Marie-Ève Bouthillier se penche sur le rôle méconnu des éthiciens cliniques auprès des professionnels de la santé et des familles de ceux et celles qui demandent l’aide médicale à mourir.

Une femme en phase terminale d’un cancer demande l’aide médicale à mourir, mais l’équipe soignante hésite: la patiente semble déprimée, mais cette dépression justifie-t-elle ou disqualifie-t-elle sa demande? Un éthicien clinique intervient alors pour poser les questions difficiles: a-t-on passé en revue toutes les sources de sa souffrance? Son consentement est-il libre ou influencé par un sentiment de fardeau pour ses proches?

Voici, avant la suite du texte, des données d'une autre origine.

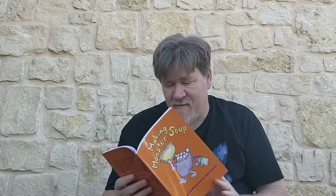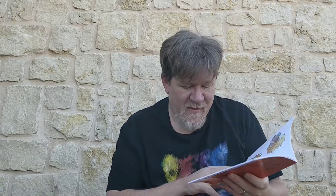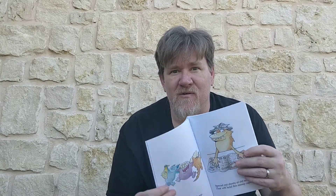When the day is dark and dreary and your toys are dull and weary, ask your grown-ups with a please, and then if everyone agrees, utter thanks and give a whoop to start making Monster Soup.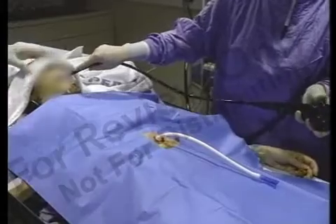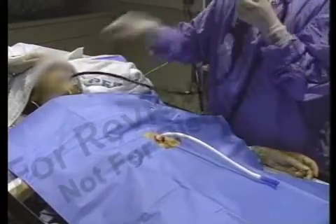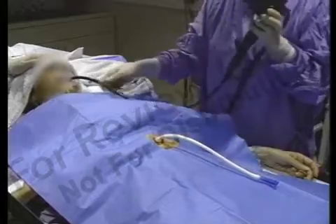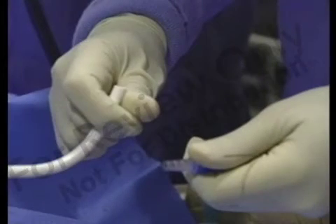After introducing the gastroscope, insufflate the stomach and examine the mucosa. The PEG 24 should be placed in the antrum toward the pylorus to ease insertion of the gastrojejunal feeding tube. Remove the feeding adapter and the bolster retainer or pull tie from the previously placed PEG 24 gastrostomy tube.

Marie-Ève Bouthillier, professeure sous octroi agrégé au Département de médecine de famille et de médecine d’urgence de la Faculté de médecine de l’UdeM et chercheuse au Centre de recherche du CHUM, vient d’analyser ce rôle méconnu dans une étude menée au Québec et en Suisse. Ancienne responsable du Centre d’éthique du Centre intégré de santé et de services sociaux de Laval, où elle a traité des milliers de demandes d’aide médicale à mourir pendant près d’une décennie, elle connaît intimement les dilemmes éthiques liés à cet acte médical.